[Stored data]

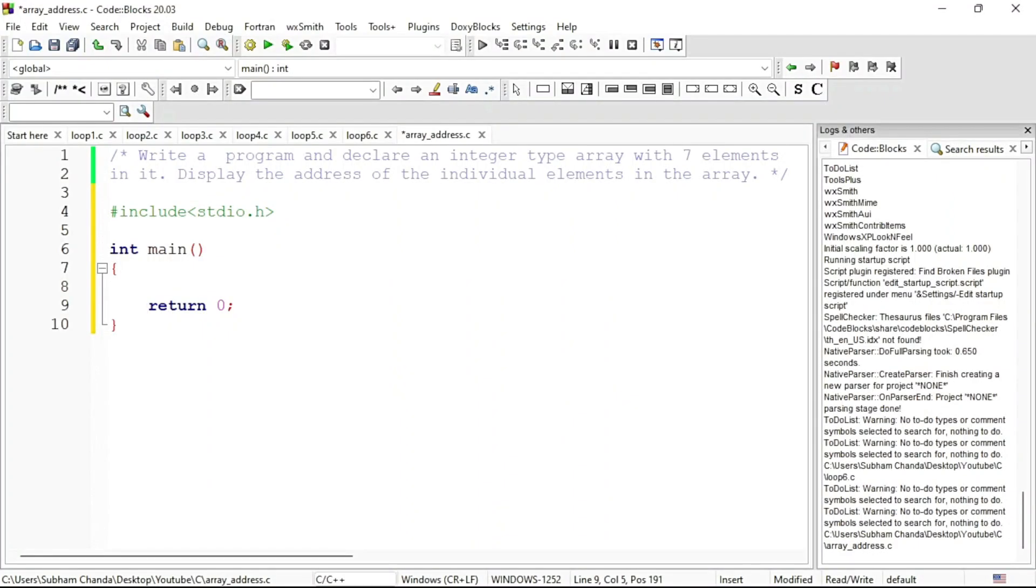We will write a program and declare an array of integer type with seven elements in it, then display the address of the individual elements in the array. Remember we need to print the address, not the value.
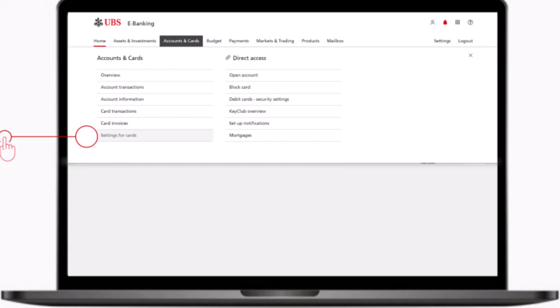Tap on the third one which is accounts and card. After that your page will look somewhat like this where you'll have to tap on the last option which is settings for cards.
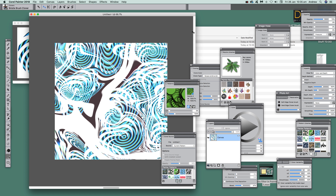Video tutorials by Andrew Buckle. In this tutorial I'm going to show you how you can use the Blobs filter to create some weird and wonderful designs. You can use the Blobs filter with a number of sources — Paste Buffer is one of the key ones, but you can also use it with patterns and current colour.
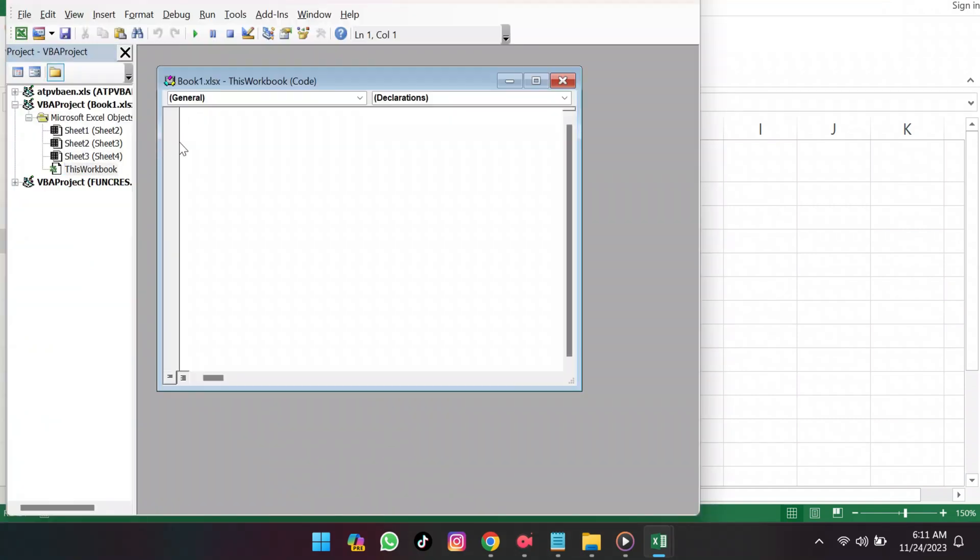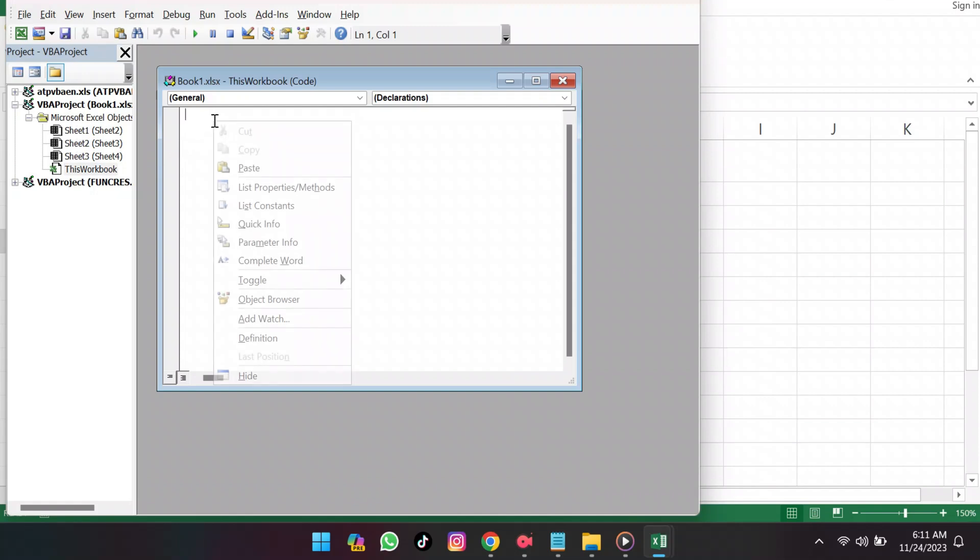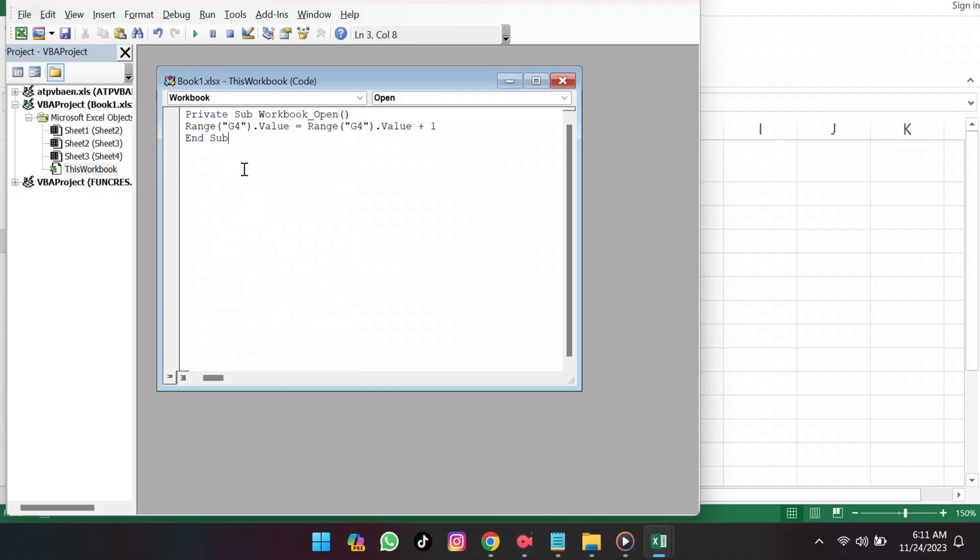Here is where we'll write the simple code. It targets cell G4 and sets its value to increase by 1 each time the workbook opens.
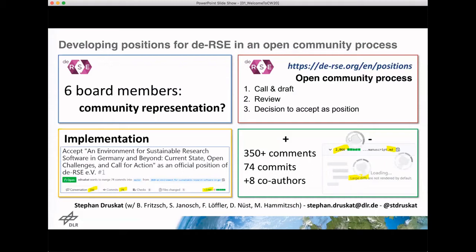Our approach to this was to basically try and make the DERSE experience a never-ending collaborations workshop — in other words, to put in place an open community process and develop positions so that we can take them and push them in the public discourse and defend them.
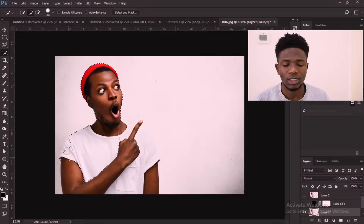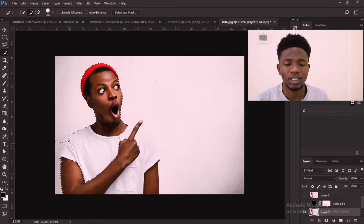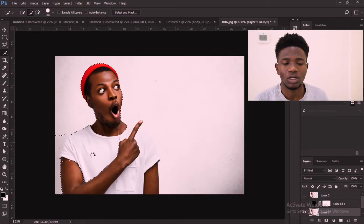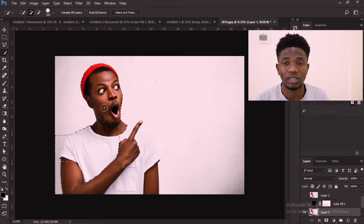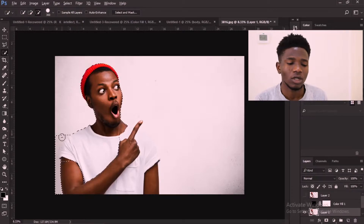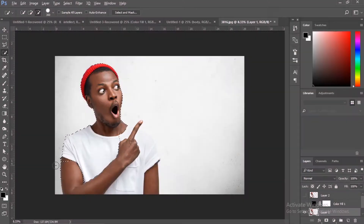Hello guys, welcome to my YouTube channel. It's your boy Ifaini and today I'm going to show you guys this simple tutorial on how to create this simple effect in Photoshop. We're going to be working with this image right here for this project, and if you want to work along with me I will leave the link down below in the description. You can download the image and follow along.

■ **GOAL OF THE EXERCISE**: Could you retype every record above exactly, leaving the pictures out?

■ **ANSWER FOR THE TASK**:
We will write a program and declare an array of integer type with seven elements in it, then display the address of the individual elements in the array. Remember we need to print the address, not the value.
Tap on the third one which is accounts and card. After that your page will look somewhat like this where you'll have to tap on the last option which is settings for cards.
Video tutorials by Andrew Buckle. In this tutorial I'm going to show you how you can use the Blobs filter to create some weird and wonderful designs. You can use the Blobs filter with a number of sources — Paste Buffer is one of the key ones, but you can also use it with patterns and current colour.
Here is where we'll write the simple code. It targets cell G4 and sets its value to increase by 1 each time the workbook opens.
Our approach to this was to basically try and make the DERSE experience a never-ending collaborations workshop — in other words, to put in place an open community process and develop positions so that we can take them and push them in the public discourse and defend them.
Hello guys, welcome to my YouTube channel. It's your boy Ifaini and today I'm going to show you guys this simple tutorial on how to create this simple effect in Photoshop. We're going to be working with this image right here for this project, and if you want to work along with me I will leave the link down below in the description. You can download the image and follow along.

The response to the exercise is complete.